In American culture, especially since 2003, the rationalizations for war differ based on the audience, and diplomatic, electoral and media discourses maintain the pretense of a War on Terror that is not a war of religion.  I stated this to Keren and she said she’s been watching Fox News nonstop and the wars are commonly referred to as religious. Included in the back room are three audio recordings, including the testimony of Brandon Bryant, a rural American that took a drone operator job and later testified that his colleagues learned their craft on video games, that many of them believed devoutly in Christian Zionism, and that the use of drones to kill unknown people in foreign countries was indiscriminate.  In her video New Jerusalem, she produced a chamber piece performed for Jerusalem’s mayor and city council in which the cantor sings a libretto made up of the classified 1967 plan to maintain a Jewish majority for the planned capitol. As with her use of propaganda in the Great Seal and a US-Israeli national anthem for which the audience was made to stand, she reveals the dominant ideology that is hiding in plain sight.

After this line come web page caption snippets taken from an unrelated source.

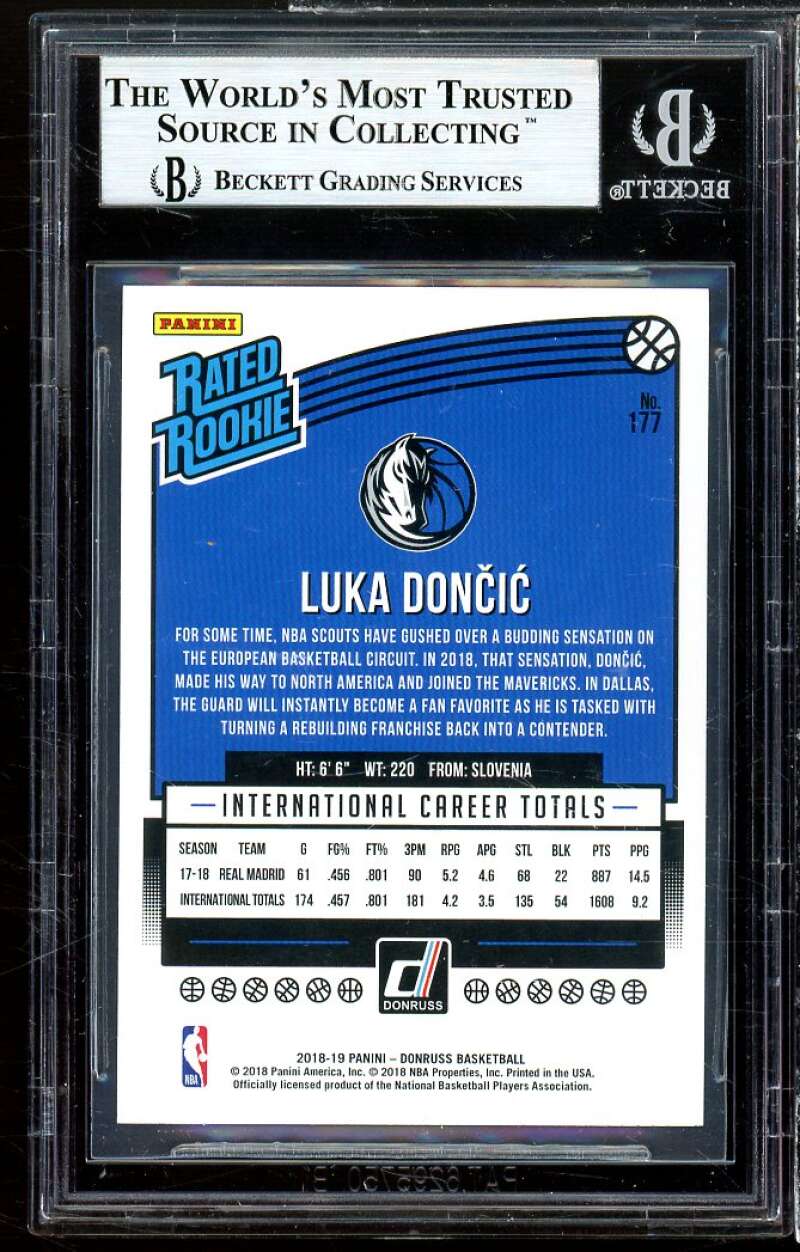 Luka Doncic Rookie Card 2018-19 Donruss #177 BGS 9 (9 9.5 9.5 8.5) Image 2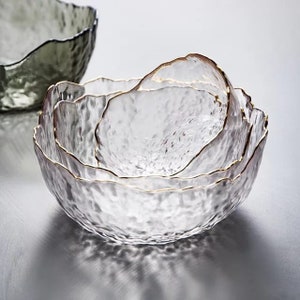 Wavy Gold Edge Glass Serving Bowls, Dishes for Salad, Fruits and Desserts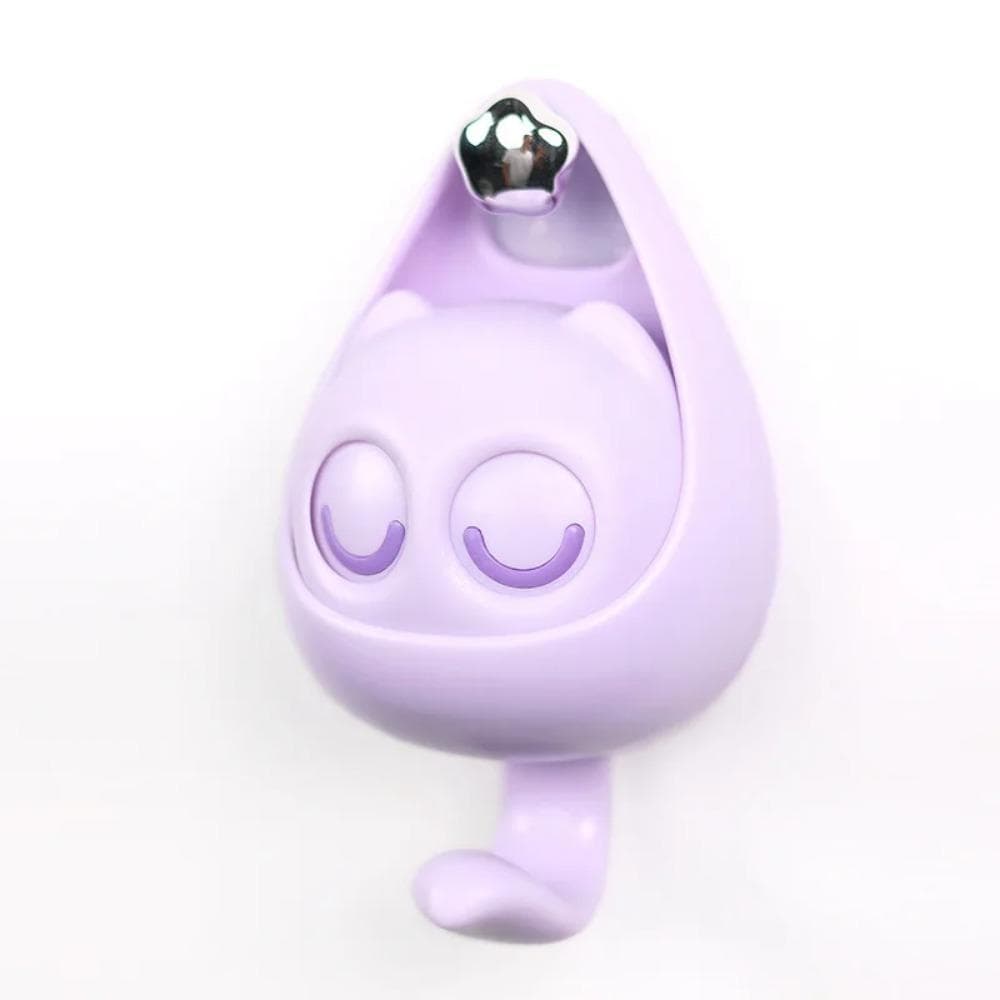 Creative Cute Cartoon Big Eyes Cat Self-adhesive Hooks for Clothes Hat Scarf Key Holders Rack Home Decoration Wall Shelf Hanger purple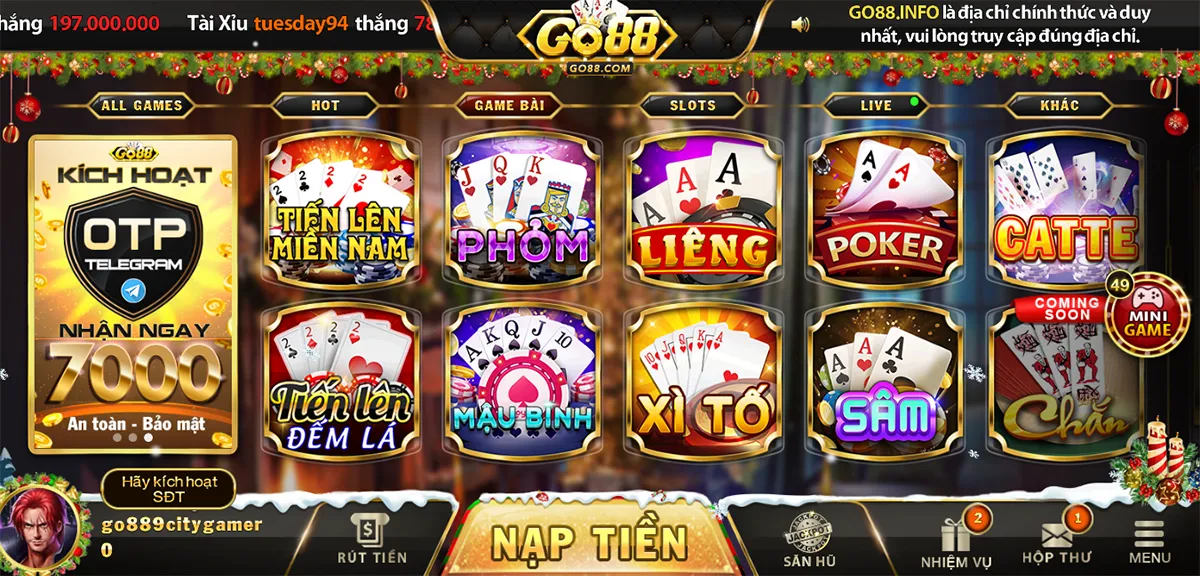 Các game bài của Go88 có thể xuất hiện Thùng Phá Sảnh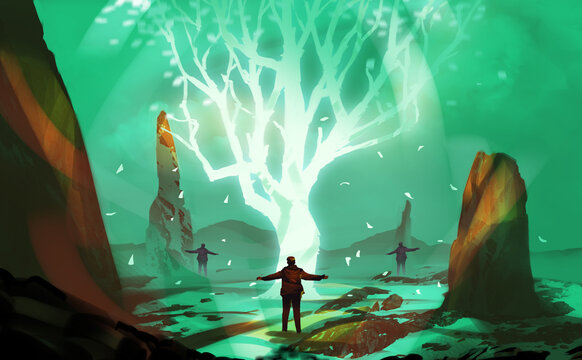 Digital illustration painting design style 3 men with magic ceremony, against glowing tree.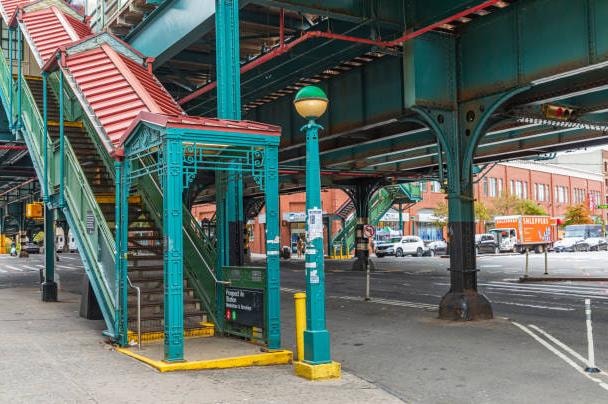Bronx elevated subway station in the Bronx, NYC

Also ending Saturday downtown are two short Eugenio Dittborn films in the basement of 47 Walker along with new Polke-influenced paintings of his (above), characteristically air mailed to the host gallery.

13 June 2018

What's up for four more days..

Chichiriviche, 1960/2014
 
Up til this Saturday at Henrique Faria (35 e 67th, 4th fl): Alfredo Cortina's photographs of his wife, the Venezuelan poet and playwright Elizabeth Schön, who wrote in 2003 of "un sentimiento reflexivo-intuitivo, llega mucho más allá que el simple hecho del ver" ("a reflective-intuitive feeling goes far beyond the simple fact of seeing"), "como propone Rilke: '…dulcemente debo desprenderme de la apariencia…' Solamente desprendiéndonos de ella, nos acercamos más a ese silencio absoluto que existe y al que no podemos atrapar" ("..as Rilke proposes: '..sweetly I must detach myself from appearance..' Only by detaching ourselves from it, do we get closer to that absolute silence that exists and that we can not entrap..")

Sin título, 1965/2014

A shot from 1957 depicts Carlos Puche photographing her in a rural doorway..


Sin título, 1957/2014

.. and while the past obscurity of this series makes it presumably impossible for Jeff Wall to have seen this in the 70s, it is not without its similarities to "Picture for Women" - not only is the male photographer on the right and the female subject on the left..

Picture for Women, 1979

..but in both shots there are two vertical lines between the figures - one (the side of the house) isolating the photographer and the other extending from the left shoulder of the subject.  The foregrounding of the figures is inverted but since one is a mirror image that doesn't really count.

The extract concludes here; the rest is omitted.